Segment Start: Input data

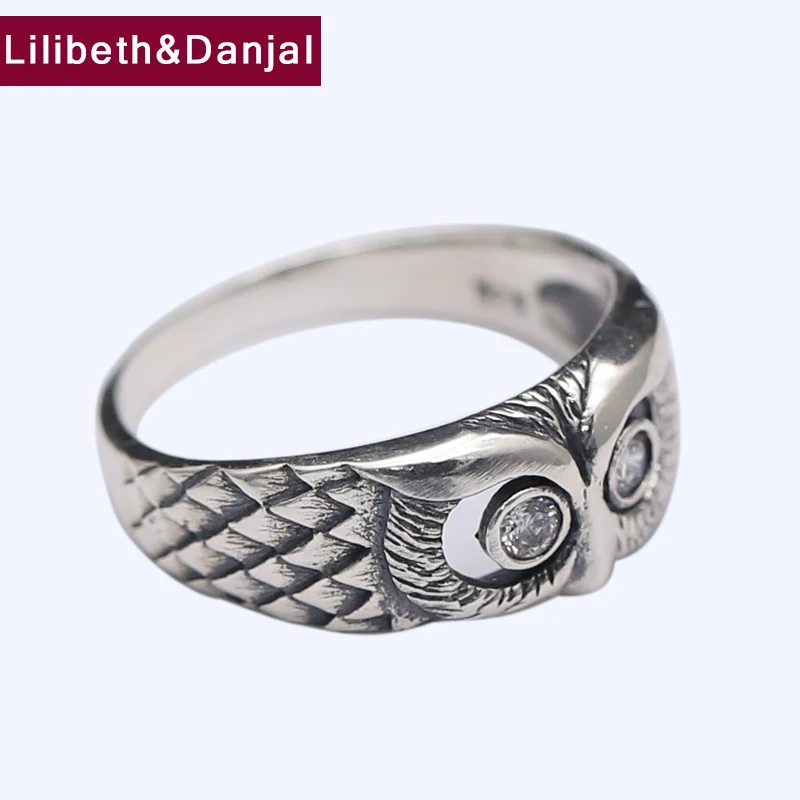 Everbling Lovely Cute Owl 925 Sterling Silver Ring Black CZ Everbling Lovely Cute Owl 925 Sterling Silver Ring Black CZ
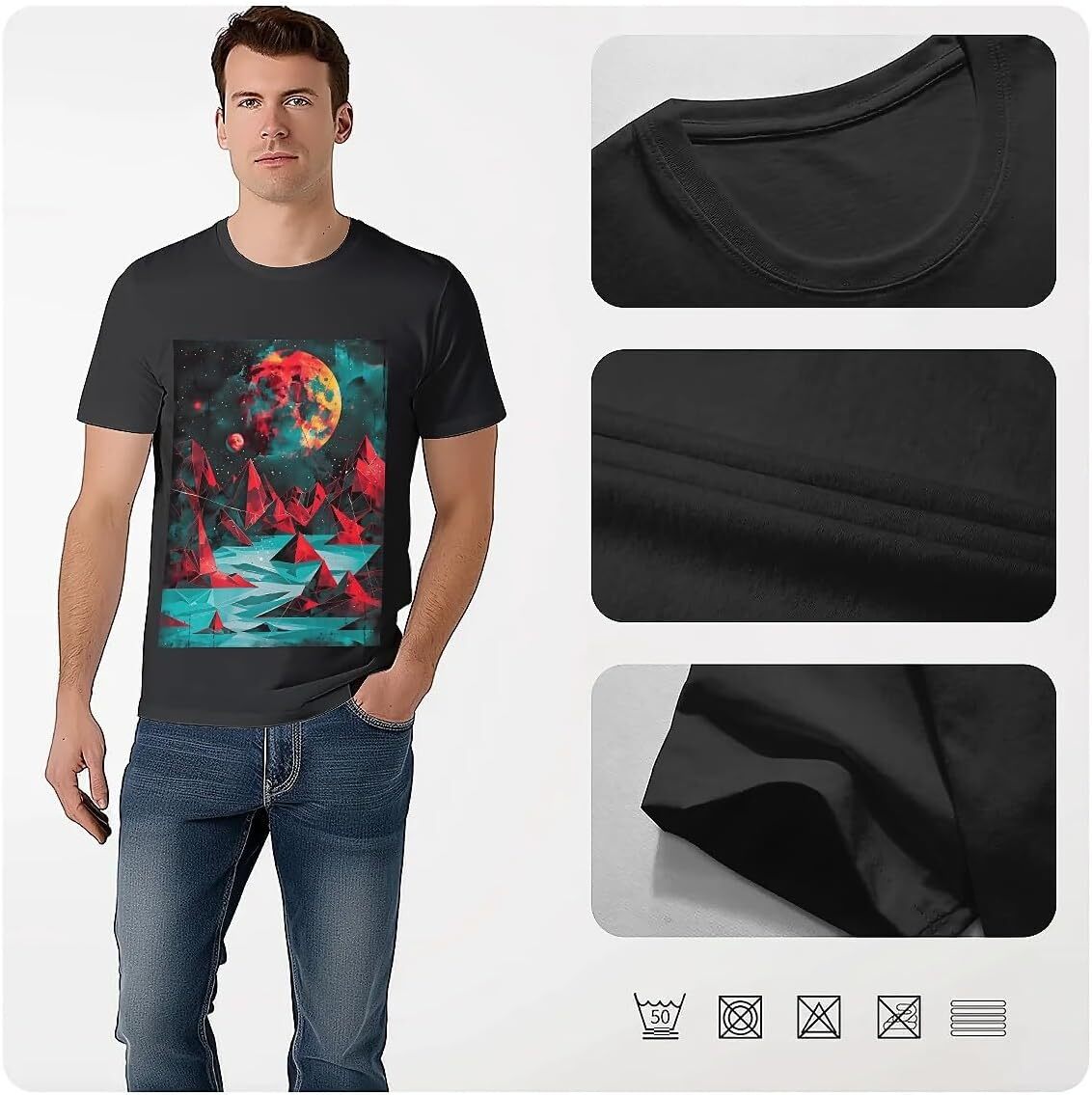 T shirt for Mens Mens Novelty T-Shirts Graphic 2D Print Summer Short Sleeve Mountain Landscape Geometric Shirts Tshirt Graphic Tee Casual Tops Clothes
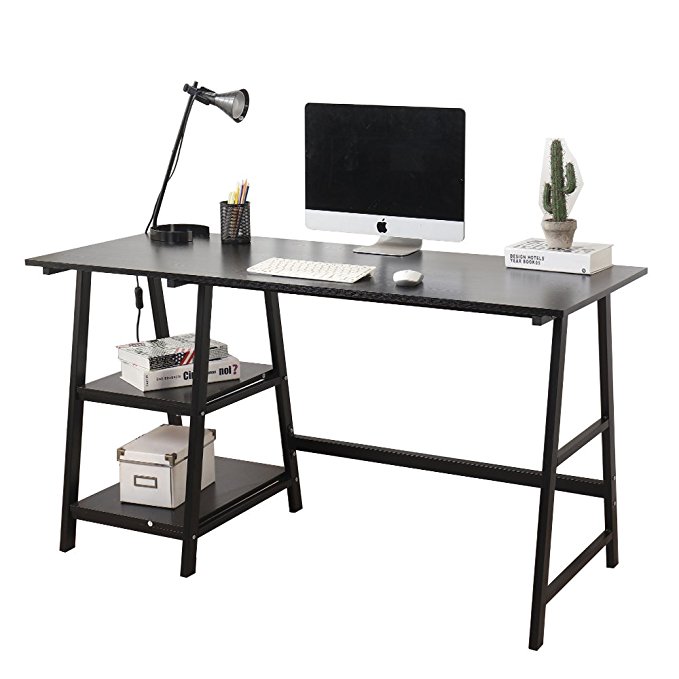 Soges 55” Computer Desk Trestle Desk Writing Home Office Desk Hutch Workstation with Shelf, Black CS-Tplus-140BK-N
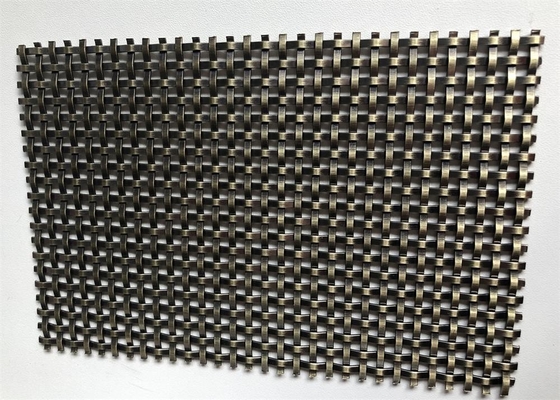Pra Crimped Stainless Steel Tembaga Plating Woven Wire Mesh Untuk Dinding Lorong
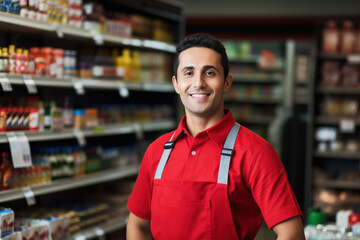 Young man is working in supermarket, owner of grocery store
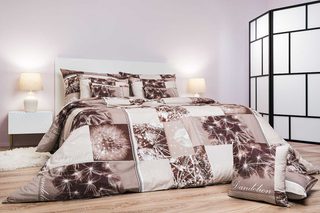Bavlněné povlečení Pampelišky 3D hnědé 140x200, 70x90 cm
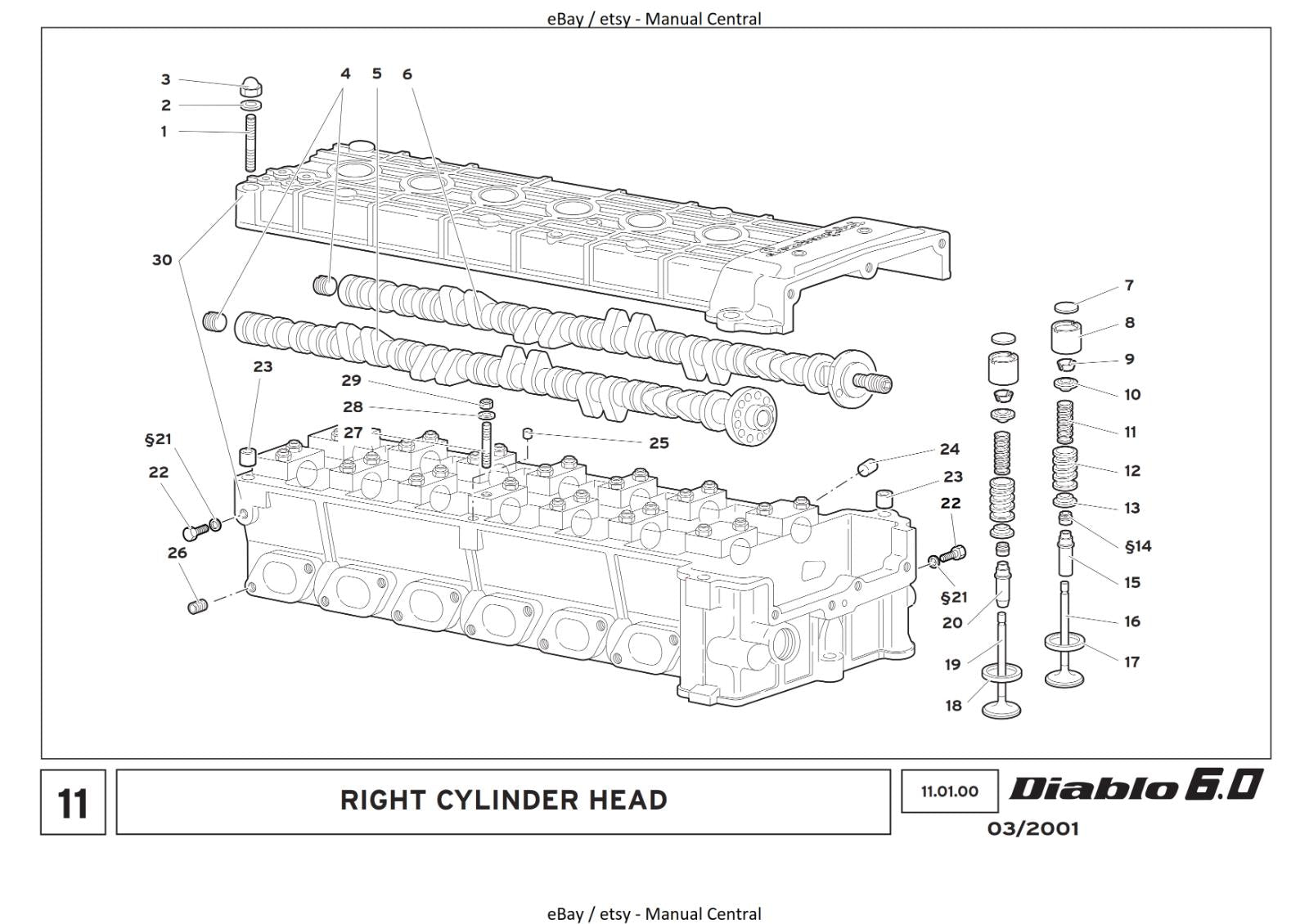 LAMBORGHINI DIABLO 6.0 - PARTS MANUAL - 03/2001 EDITION - REPRINT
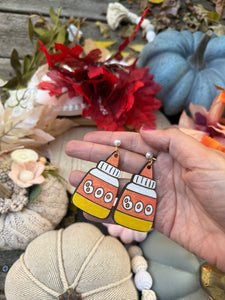 Glue candy corn dangle Earrings
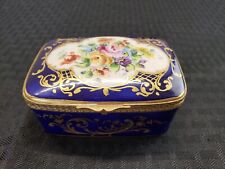 Limoges Le Tallec Porcelain Peint Main Cobalt Blue Gold Floral Dresser Box picture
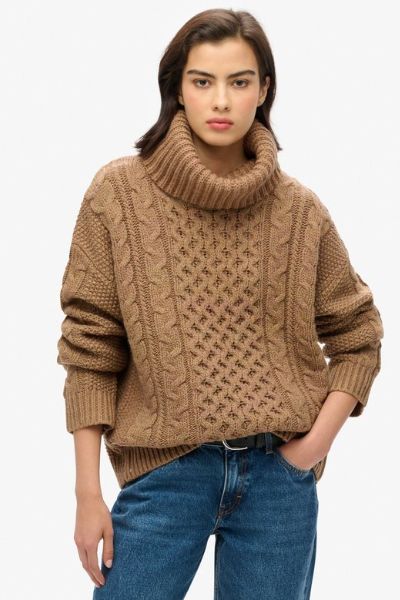 Superdry Cable Roll Neck Jumper Caramel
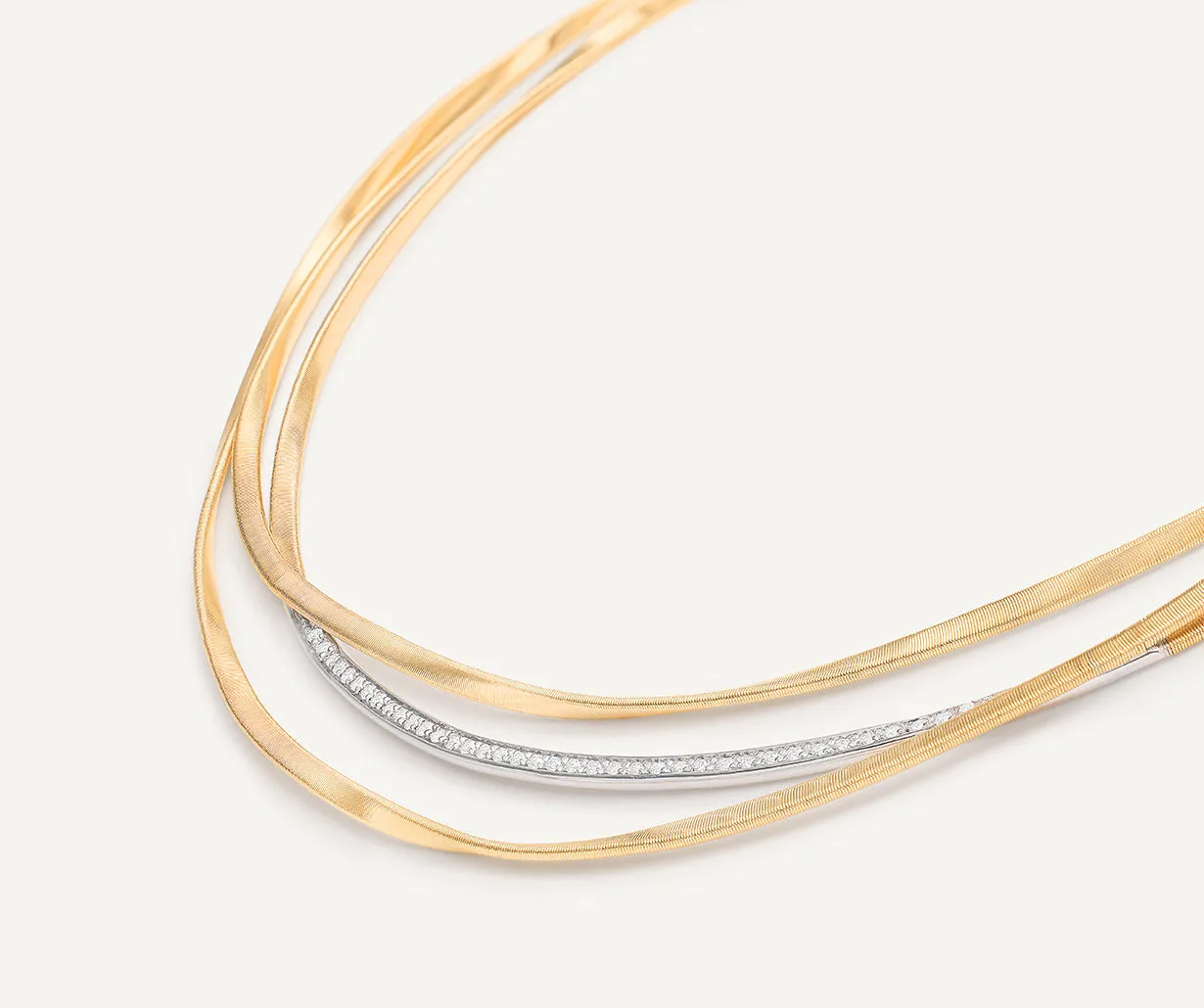 18K Yellow Gold 3-Strand Coil Necklace With Diamond Bar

Segment End: Input data

• **What the exercise asks**:
Word for word, please reproduce each entry above and leave out every picture.

• **Answer section**:
 Everbling Lovely Cute Owl 925 Sterling Silver Ring Black CZ Everbling Lovely Cute Owl 925 Sterling Silver Ring Black CZ
 T shirt for Mens Mens Novelty T-Shirts Graphic 2D Print Summer Short Sleeve Mountain Landscape Geometric Shirts Tshirt Graphic Tee Casual Tops Clothes
 Soges 55” Computer Desk Trestle Desk Writing Home Office Desk Hutch Workstation with Shelf, Black CS-Tplus-140BK-N
Pra Crimped Stainless Steel Tembaga Plating Woven Wire Mesh Untuk Dinding Lorong
 Young man is working in supermarket, owner of grocery store
Bavlněné povlečení Pampelišky 3D hnědé 140x200, 70x90 cm
 LAMBORGHINI DIABLO 6.0 - PARTS MANUAL - 03/2001 EDITION - REPRINT
 Glue candy corn dangle Earrings
 Limoges Le Tallec Porcelain Peint Main Cobalt Blue Gold Floral Dresser Box picture
 Superdry Cable Roll Neck Jumper Caramel
 18K Yellow Gold 3-Strand Coil Necklace With Diamond Bar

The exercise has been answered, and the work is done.